At first thought, Potato Salad doesn't sound like all that much of a challenge. I decided to re-think the same old same old, and see how my regular recipe could be improved.
Jami Sorrento was our June Daring Cooks hostess and she chose to challenge us to celebrate the humble spud by making a delicious and healthy potato salad. The Daring Cooks Potato Salad Challenge was sponsored by the nice people at the United States Potato Board, who awarded prizes to the top 3 most creative and healthy potato salads. A medium-size (5.3 ounce) potato has 110 calories, no fat, no cholesterol, no sodium and includes nearly half your daily value of vitamin C and has more potassium than a banana!

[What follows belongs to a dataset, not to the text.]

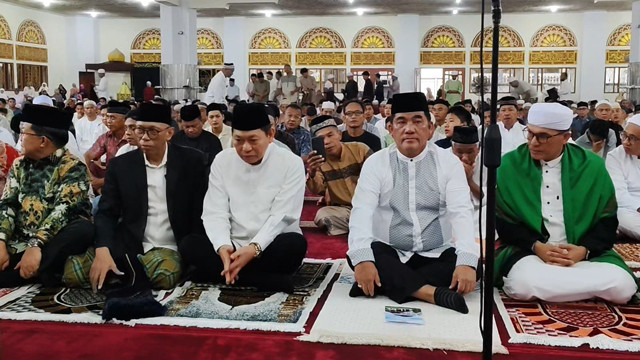 Gubernur Sulawesi Utara, Yulius Selvanus (kedua dari kanan), duduk bersama umat islam di Kota Manado, untuk mendengarkan khutbah Idul Fitri di Masjid Raya Ahmad Yani.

Normally, I boil the potatoes, add some chopped veggies and toss everything with mayonnaise, mustard, salt and pepper, etc. before refrigerating. Just for the heck of it I checked my old Joy of Cooking to see how far off I've been from a standard. Low and behold, the correct technique should be to toss the still warm potatoes with vinaigrette, let them cool a bit, add the vegetables if any, refrigerate, then add your mayonnaise dressing when the salad is cold. Brilliant idea, as the oil and vinegar, plus herbs can be absorbed by the warm potatoes, before adding any mayonnaise.